The AG report found that the Illinois dioceses deemed 26% of the reports of alleged abuse as “credible” allegations, meaning 74% of the allegations were either not investigated, or were investigated but not substantiated by the Illinois Dioceses. Reasons for not investigating included the death or resignation of the accused clergy member or because the priest was a member of an order and not a diocesan priest.

Other rationales included a lawsuit was filed; the survivor wanted to remain anonymous; a criminal investigation was opened; or the clergy member left the country. Yet the AG report claims that in many of these cases, “information and evidence related to the alleged abuse was readily available and easily confirmed.”  

Shockingly, the AG’s preliminary investigation found “a pattern emerged where the dioceses frequently failed to ‘substantiate’ an allegation when it came from only one survivor, even when the dioceses had reason to believe that survivor and reason to investigate further.”  

“The dioceses also often found reasons to discredit survivors’ stories of abuse by focusing on the survivors’ personal lives.”

The AG report also zeroes in on the fact that the Illinois dioceses’ response to clergy sexual abuse is not uniform across the state and is often inadequate.  For example, some use the term “substantiated,” others use the term “credible,” and others use both. Differing terminology is confusing, making it difficult for the general public to draw conclusions, further frustrating the goals of transparency and accountability.

Perhaps the most damning conclusion of the AG report is that the “dioceses’ investigatory processes often do not realize the Charter’s goal to prioritize survivor healing, particularly when conflicts of interest are present with respect to the Dioceses’ own interests and liabilities.

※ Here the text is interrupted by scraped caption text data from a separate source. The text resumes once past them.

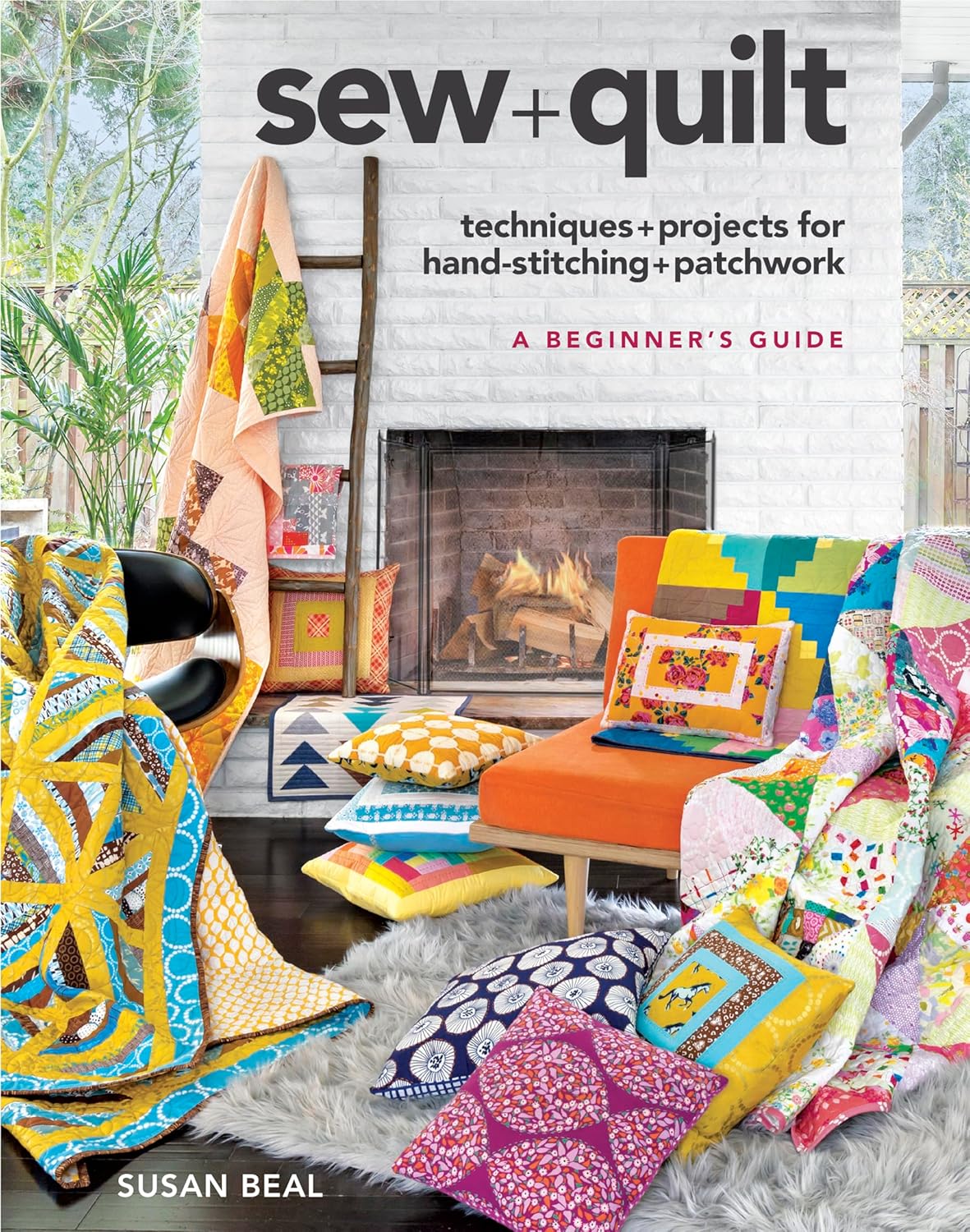 Sew + Quilt by Susan Beal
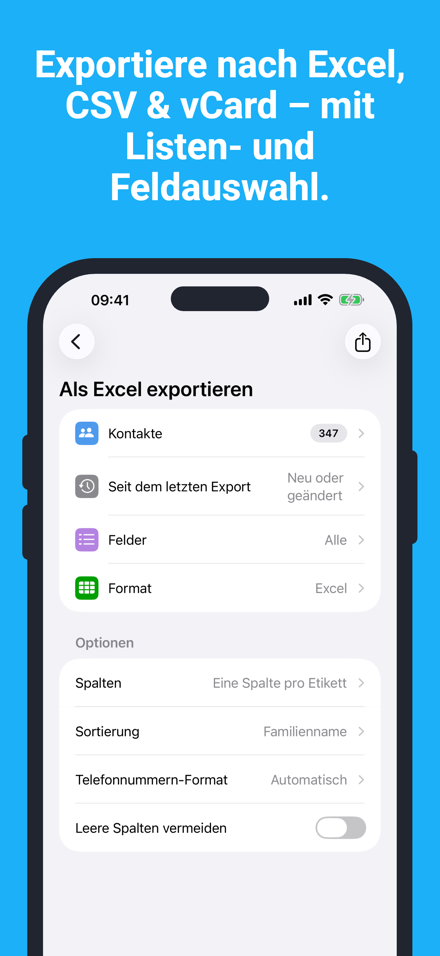 Exportiere nach Excel, CSV & vCard – mit Listen- und Feldauswahl.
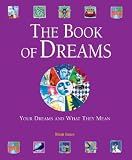 Innes, Brian: The Book of Dreams: Your Dreams and What They Mean
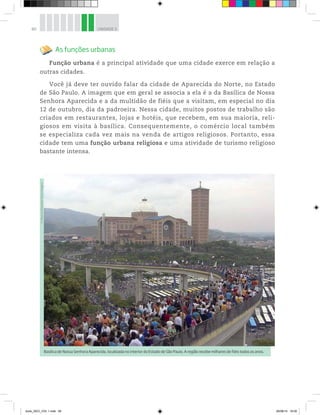 80 UNIDADE 3
As funções urbanas
Função urbana é a principal atividade que uma cidade exerce em relação a
outras cidades.
Você já deve ter ouvido falar da cidade de Aparecida do Norte, no Estado
de São Paulo. A imagem que em geral se associa a ela é a da Basílica de Nossa
Senhora Aparecida e a da multidão de fiéis que a visitam, em especial no dia
12 de outubro, dia da padroeira. Nessa cidade, muitos postos de trabalho são
criados em restaurantes, lojas e hotéis, que recebem, em sua maioria, reli-
giosos em visita à basílica. Consequentemente, o comércio local também
se especializa cada vez mais na venda de artigos religiosos. Portanto, essa
cidade tem uma função urbana religiosa e uma atividade de turismo religioso
bastante intensa.
Basílica de Nossa Senhora Aparecida, localizada no interior do Estado de São Paulo. A região recebe milhares de fiéis todos os anos.
©
Mauricio
Simonetti/
Pulsar
Imagens
book_GEO_VOL 1.indb 80 26/06/14 16:00
 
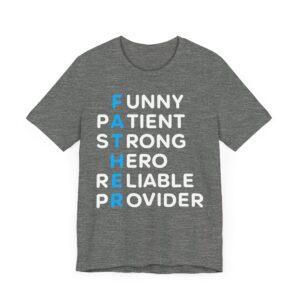 Funny Patient Strong Hero Reliable Provider | Father Acronym | Dad T-shirt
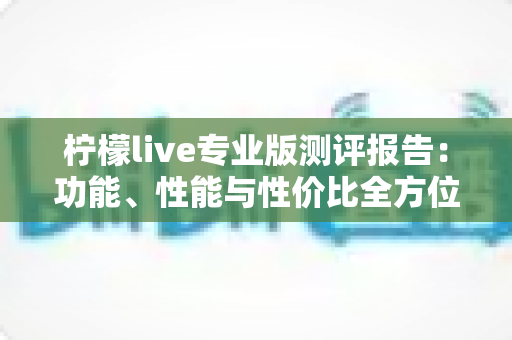 柠檬live专业版测评报告：功能、性能与性价比全方位深度解析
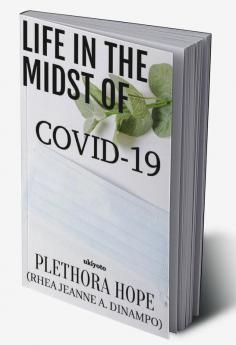 Life In The Midst of COVID-19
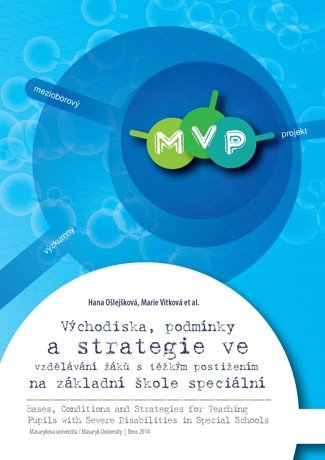 Východiska, podmínky a strategie ve vzdělávání žáků s těžkým postižením na základní škole speciální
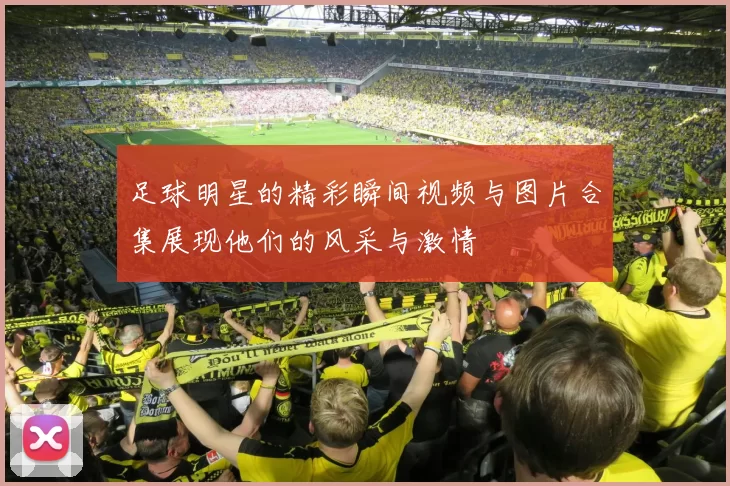 足球明星的精彩瞬间视频与图片合集展现他们的风采与激情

McCarrick's victim of abuse speaks out

James Grein, who entered the national spotlight via The New York Times this summer, telling his story of sexual abuse by the man who baptized him, former Cardinal Theodore McCarrick, told LifeSiteNews that he has been in touch with a senior member of the Illinois Attorney General’s staff.

Grein, who was sexually abused in Chicago, understands the depth of criminality in that state.

“I know there are deep troubles in Chicago,” said Grein, who believes that Chicago Cardinal Blase Cupich is “playing games,” supplying only information specifically asked for by the AG’s office.  “They need to know that somebody else knows.”

“I was abused in Chicago by McCarrick and two other prominent people in the Church,” revealed Grein.  “They can’t hide anymore.”

While the Chicago Archdiocese has not reached out to him, Grein said that he will soon meet with officials of the Archdiocese of New York as they initiate a canonical procedure against McCarrick.

The Illinois Attorney General’s office has quickly concluded that the state’s six dioceses are not capable of satisfactorily resolving the clergy abuse crisis on their own:  

It appears that the Illinois Dioceses have lost sight of both the key tenet of the Charter and the most obvious human need as a result of these abhorrent acts of abuse: the healing and reconciliation of survivors. Long after legal remedies have expired, the Catholic Church has the ability and moral responsibility to survivors to offer support and services, and to take swift action to remove abusive clergy. The actions taken by the Catholic Church should always be survivor-focused and with the goal of holding abusers accountable in a transparent manner.

Law enforcement officials from forty-five states have now indicated they have or soon will follow in the footsteps of the Pennsylvania and Illinois AGs and launch investigations into alleged priest predation and cover up in their states.